__Requirement__. Work through the listing below and give again exactly the lines from the one with "bois massif (1/5)" to the one with "Subtle Luxury Maxi", both ends included. All other lines and all pictures stay out.

__Given records__.
---*---

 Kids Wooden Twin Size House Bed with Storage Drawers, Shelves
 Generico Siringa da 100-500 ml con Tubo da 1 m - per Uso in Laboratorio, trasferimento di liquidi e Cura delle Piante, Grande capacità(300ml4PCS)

---*---

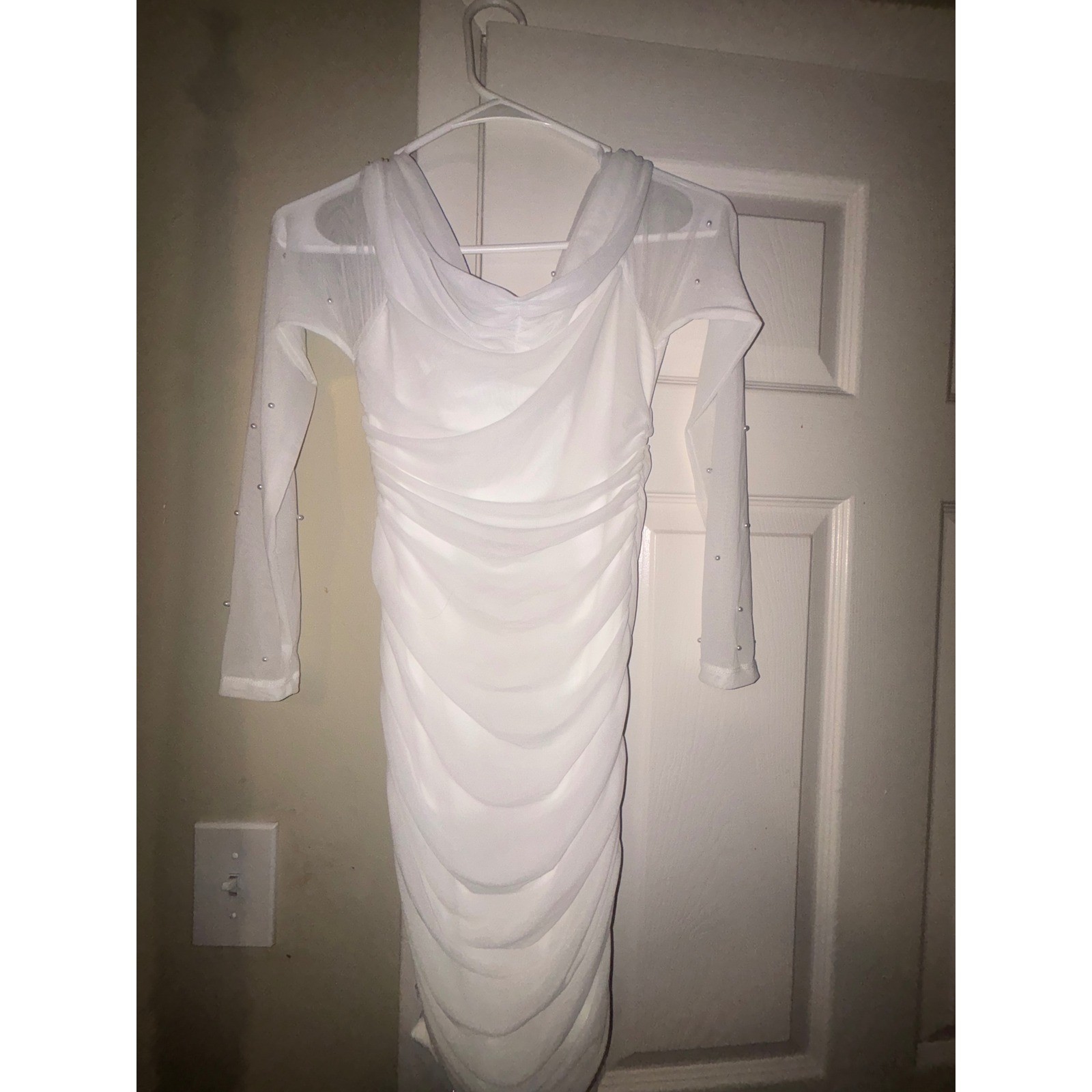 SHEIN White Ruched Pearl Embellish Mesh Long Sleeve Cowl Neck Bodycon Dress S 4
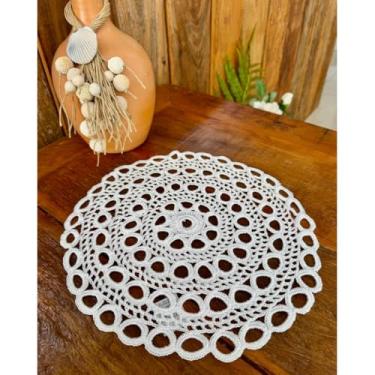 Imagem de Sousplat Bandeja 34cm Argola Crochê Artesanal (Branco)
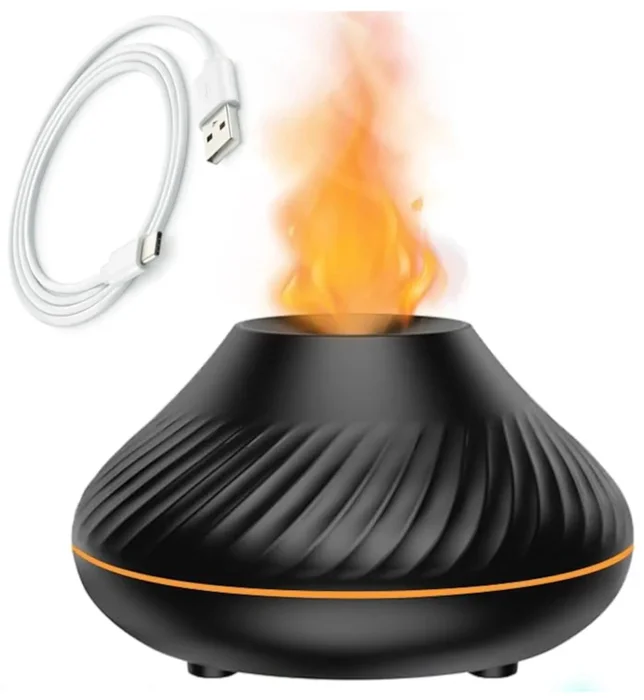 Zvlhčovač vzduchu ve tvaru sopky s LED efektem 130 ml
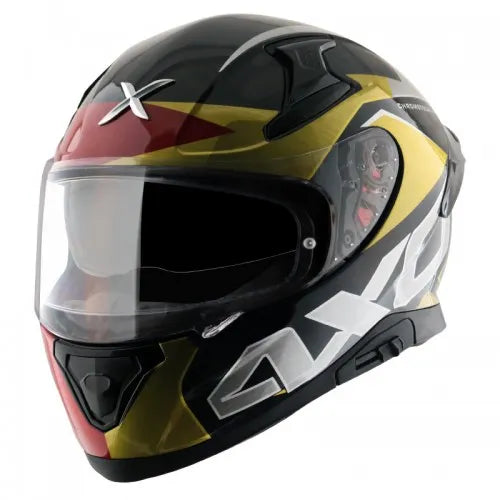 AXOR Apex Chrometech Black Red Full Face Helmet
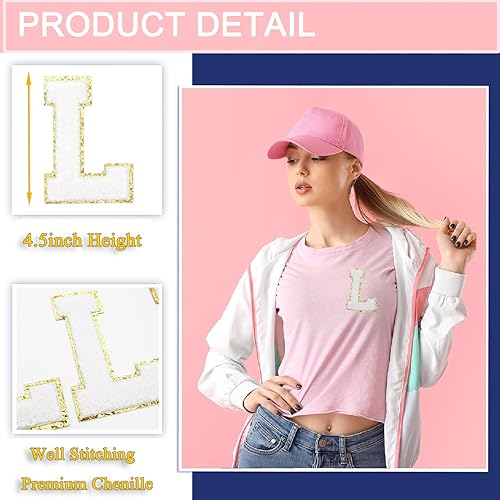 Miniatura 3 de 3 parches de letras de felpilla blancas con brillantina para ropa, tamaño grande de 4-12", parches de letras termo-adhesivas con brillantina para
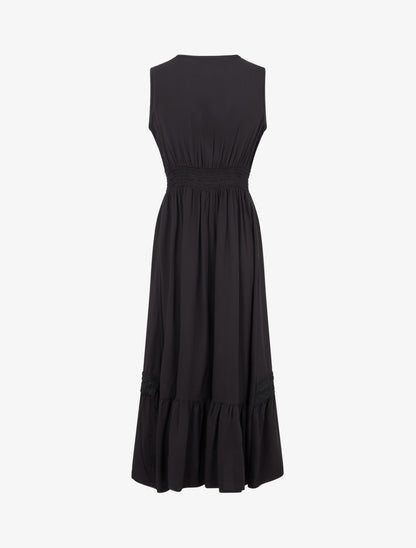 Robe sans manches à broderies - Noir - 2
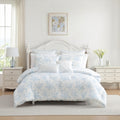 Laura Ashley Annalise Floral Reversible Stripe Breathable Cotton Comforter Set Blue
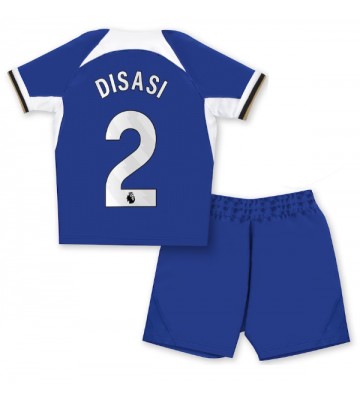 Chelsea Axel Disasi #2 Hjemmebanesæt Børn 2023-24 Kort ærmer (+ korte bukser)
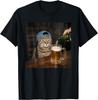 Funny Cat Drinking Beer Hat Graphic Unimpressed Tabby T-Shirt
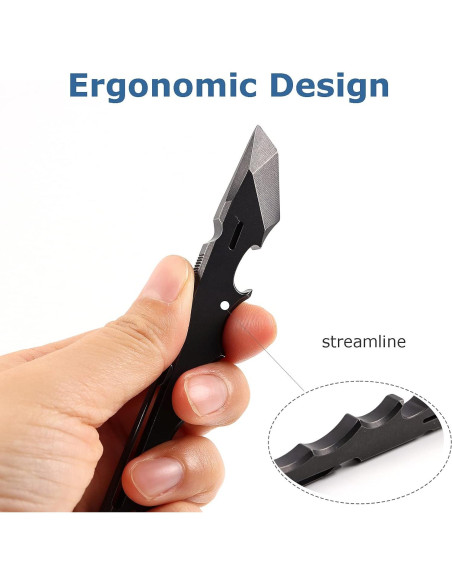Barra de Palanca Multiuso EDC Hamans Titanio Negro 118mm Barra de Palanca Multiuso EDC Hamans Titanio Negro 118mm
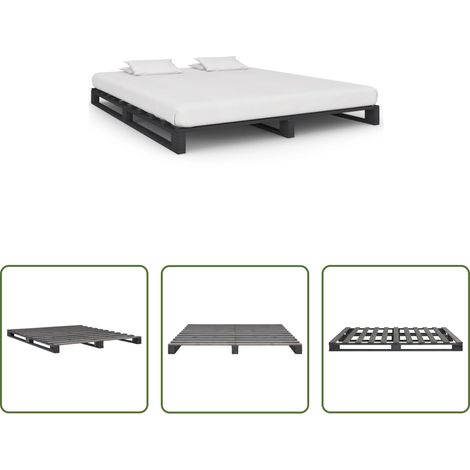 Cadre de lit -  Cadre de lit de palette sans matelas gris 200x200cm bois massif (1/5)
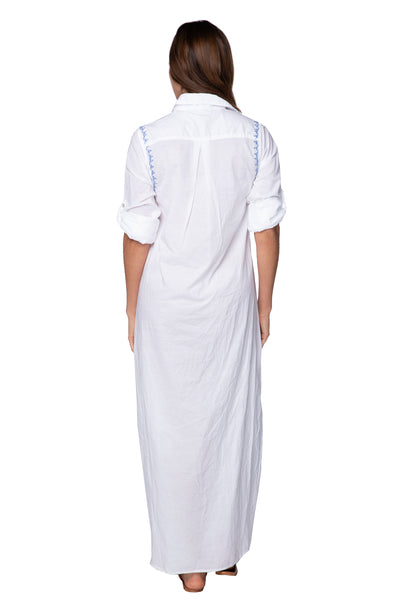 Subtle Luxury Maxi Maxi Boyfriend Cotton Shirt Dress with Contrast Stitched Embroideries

---*---

__Result for this task__.
 Cadre de lit -  Cadre de lit de palette sans matelas gris 200x200cm bois massif (1/5)
 Subtle Luxury Maxi Maxi Boyfriend Cotton Shirt Dress with Contrast Stitched Embroideries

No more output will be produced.